* **EXERCISE PROMPT**: For each line below that holds the word "grey", make a copy.

::::::

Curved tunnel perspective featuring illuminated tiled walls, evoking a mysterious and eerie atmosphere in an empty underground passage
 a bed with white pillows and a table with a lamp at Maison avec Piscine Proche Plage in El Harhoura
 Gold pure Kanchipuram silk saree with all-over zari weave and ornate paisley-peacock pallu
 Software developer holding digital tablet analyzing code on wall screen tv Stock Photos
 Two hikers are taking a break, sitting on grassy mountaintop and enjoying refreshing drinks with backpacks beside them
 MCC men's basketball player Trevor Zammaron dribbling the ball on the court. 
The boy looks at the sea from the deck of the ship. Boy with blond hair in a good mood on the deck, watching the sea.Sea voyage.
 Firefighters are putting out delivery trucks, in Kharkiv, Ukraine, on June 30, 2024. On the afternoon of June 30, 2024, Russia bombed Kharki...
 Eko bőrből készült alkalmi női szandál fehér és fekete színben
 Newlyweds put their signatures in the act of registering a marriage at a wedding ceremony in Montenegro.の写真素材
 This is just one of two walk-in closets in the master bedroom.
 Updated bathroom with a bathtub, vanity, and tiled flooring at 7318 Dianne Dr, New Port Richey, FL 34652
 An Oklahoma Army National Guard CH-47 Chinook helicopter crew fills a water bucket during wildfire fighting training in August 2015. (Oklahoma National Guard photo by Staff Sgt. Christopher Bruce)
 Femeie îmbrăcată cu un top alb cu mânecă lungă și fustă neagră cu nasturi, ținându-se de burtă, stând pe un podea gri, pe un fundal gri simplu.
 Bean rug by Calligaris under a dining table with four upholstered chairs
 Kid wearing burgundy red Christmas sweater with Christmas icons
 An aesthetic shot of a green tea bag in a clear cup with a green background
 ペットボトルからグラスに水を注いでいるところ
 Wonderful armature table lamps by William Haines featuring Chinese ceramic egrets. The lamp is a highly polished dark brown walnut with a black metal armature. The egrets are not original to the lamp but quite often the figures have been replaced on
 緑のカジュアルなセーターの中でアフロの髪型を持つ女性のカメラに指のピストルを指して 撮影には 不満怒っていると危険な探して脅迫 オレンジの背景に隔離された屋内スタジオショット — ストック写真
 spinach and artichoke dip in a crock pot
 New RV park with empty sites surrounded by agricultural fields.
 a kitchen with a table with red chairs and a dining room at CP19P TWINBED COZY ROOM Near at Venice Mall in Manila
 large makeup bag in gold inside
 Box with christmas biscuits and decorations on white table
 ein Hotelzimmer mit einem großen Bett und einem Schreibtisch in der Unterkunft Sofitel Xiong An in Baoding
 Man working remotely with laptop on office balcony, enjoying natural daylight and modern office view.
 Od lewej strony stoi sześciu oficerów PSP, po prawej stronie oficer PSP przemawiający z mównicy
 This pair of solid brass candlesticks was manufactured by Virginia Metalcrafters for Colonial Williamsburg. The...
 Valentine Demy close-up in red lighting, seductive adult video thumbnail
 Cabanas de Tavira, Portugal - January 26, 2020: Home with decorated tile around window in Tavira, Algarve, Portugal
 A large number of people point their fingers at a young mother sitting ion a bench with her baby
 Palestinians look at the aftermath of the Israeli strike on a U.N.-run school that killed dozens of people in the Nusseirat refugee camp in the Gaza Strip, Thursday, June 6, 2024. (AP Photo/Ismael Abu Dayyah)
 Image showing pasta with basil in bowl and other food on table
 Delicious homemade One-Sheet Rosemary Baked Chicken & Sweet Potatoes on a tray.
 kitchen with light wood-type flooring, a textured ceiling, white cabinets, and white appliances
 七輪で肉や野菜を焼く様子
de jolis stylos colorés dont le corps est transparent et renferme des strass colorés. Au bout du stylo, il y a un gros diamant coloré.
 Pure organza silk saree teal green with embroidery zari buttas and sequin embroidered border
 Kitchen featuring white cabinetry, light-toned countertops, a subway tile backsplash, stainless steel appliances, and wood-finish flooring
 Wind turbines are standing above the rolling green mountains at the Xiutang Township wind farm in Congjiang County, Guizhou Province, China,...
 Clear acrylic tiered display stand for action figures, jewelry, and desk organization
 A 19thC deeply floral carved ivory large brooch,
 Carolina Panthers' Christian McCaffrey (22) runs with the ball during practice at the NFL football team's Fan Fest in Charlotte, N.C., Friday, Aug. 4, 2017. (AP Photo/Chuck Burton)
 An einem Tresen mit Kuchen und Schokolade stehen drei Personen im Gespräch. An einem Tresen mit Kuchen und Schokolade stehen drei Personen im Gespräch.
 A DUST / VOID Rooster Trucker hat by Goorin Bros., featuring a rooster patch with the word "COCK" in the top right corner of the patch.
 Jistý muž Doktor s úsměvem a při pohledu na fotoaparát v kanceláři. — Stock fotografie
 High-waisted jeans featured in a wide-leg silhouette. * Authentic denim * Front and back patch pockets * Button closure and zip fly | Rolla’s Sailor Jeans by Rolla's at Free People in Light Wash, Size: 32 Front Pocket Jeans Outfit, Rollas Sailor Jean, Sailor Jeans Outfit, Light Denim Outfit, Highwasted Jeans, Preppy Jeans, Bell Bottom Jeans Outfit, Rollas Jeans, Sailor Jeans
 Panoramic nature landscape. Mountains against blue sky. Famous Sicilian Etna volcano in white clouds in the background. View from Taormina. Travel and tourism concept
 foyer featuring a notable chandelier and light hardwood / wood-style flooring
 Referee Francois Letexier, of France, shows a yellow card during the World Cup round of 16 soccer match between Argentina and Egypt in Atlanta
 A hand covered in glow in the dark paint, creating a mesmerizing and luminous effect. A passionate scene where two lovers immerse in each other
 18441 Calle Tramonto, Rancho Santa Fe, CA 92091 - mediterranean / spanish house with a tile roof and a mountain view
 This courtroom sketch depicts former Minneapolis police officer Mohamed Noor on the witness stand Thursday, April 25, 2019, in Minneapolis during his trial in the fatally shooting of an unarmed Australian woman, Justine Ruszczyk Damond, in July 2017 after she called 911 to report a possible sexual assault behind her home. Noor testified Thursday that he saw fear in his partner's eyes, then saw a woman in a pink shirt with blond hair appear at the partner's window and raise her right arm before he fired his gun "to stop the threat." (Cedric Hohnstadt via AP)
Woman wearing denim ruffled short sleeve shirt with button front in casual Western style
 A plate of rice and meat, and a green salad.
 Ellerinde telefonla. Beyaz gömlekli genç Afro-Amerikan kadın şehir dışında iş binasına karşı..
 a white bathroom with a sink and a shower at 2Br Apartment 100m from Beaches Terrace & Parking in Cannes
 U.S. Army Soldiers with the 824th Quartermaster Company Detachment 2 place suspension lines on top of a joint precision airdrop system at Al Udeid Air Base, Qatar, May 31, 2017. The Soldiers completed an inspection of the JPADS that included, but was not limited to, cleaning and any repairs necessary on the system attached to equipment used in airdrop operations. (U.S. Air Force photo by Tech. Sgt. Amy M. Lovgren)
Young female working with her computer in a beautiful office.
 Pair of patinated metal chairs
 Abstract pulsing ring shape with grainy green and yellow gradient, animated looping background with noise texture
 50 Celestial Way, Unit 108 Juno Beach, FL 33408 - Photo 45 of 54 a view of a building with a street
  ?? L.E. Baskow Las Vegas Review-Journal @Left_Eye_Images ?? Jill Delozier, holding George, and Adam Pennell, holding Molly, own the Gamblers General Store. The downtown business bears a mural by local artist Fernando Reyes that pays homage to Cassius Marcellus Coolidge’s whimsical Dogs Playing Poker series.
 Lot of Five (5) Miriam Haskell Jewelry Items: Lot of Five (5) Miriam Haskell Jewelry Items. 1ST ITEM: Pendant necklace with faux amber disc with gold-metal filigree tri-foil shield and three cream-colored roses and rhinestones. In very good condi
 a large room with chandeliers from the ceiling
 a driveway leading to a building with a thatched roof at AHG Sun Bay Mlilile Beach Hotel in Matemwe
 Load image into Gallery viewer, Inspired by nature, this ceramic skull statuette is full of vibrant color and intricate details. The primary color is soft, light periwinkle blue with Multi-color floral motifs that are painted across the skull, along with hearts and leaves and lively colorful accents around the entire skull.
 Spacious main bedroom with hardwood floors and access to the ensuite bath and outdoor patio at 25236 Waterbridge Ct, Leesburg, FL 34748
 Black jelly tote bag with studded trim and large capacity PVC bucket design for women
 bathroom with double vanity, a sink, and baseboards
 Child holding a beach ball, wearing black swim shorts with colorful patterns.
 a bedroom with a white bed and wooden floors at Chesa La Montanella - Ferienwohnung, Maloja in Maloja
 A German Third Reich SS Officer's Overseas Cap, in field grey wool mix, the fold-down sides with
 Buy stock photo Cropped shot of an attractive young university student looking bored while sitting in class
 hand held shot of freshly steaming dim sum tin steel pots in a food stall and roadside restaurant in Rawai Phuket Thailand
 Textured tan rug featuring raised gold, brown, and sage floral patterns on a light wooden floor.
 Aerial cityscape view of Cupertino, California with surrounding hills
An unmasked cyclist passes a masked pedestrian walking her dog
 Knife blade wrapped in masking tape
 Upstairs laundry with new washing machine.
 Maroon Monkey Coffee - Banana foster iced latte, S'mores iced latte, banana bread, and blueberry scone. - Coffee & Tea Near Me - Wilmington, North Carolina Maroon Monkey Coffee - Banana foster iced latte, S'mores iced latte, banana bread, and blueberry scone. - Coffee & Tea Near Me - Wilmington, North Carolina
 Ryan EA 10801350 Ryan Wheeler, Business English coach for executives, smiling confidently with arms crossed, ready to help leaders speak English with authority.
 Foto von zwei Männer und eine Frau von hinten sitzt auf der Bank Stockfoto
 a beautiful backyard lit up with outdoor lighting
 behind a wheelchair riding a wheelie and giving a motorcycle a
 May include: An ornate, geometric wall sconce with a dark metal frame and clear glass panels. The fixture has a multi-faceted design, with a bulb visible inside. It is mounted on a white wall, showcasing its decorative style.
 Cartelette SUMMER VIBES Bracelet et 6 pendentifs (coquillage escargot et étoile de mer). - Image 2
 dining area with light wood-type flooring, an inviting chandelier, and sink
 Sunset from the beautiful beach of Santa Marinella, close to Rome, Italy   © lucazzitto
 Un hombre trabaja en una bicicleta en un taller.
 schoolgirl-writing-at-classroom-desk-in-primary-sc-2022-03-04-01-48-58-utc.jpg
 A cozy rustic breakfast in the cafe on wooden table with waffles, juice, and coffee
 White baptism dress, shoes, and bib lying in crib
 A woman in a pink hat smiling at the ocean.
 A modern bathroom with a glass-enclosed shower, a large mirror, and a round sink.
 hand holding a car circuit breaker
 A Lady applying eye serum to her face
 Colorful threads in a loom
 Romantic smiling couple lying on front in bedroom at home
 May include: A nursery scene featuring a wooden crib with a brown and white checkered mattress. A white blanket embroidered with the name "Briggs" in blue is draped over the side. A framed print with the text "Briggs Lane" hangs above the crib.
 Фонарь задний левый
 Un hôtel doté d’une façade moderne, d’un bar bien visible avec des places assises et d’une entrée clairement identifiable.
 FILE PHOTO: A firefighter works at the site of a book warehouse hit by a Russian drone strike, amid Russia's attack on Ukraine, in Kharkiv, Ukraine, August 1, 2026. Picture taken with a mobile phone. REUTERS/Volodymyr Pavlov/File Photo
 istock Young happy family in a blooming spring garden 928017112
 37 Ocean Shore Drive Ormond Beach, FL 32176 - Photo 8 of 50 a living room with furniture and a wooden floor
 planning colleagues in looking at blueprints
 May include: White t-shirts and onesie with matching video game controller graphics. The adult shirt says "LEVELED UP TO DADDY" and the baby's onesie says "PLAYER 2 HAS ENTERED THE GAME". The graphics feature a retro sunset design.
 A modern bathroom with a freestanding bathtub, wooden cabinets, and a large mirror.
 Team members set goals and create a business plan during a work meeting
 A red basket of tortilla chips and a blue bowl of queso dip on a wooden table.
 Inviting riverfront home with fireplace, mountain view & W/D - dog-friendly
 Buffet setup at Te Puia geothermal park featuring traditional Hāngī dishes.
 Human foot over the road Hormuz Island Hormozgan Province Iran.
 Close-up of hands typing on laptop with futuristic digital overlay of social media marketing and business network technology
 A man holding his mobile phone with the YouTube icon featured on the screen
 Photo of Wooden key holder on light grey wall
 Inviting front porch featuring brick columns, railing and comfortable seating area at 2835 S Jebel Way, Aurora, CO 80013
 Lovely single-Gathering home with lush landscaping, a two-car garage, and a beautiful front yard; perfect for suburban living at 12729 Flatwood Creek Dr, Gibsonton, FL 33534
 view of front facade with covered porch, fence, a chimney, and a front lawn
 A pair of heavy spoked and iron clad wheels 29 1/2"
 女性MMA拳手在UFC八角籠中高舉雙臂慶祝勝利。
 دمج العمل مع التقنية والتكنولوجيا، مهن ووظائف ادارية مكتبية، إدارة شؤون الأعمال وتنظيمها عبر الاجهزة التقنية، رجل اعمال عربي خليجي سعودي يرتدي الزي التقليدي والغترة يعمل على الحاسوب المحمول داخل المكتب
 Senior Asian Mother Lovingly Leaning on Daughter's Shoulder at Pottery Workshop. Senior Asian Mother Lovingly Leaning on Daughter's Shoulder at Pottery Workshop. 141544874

::::::

* **YOUR RESPONSE**:
 A German Third Reich SS Officer's Overseas Cap, in field grey wool mix, the fold-down sides with
 Photo of Wooden key holder on light grey wall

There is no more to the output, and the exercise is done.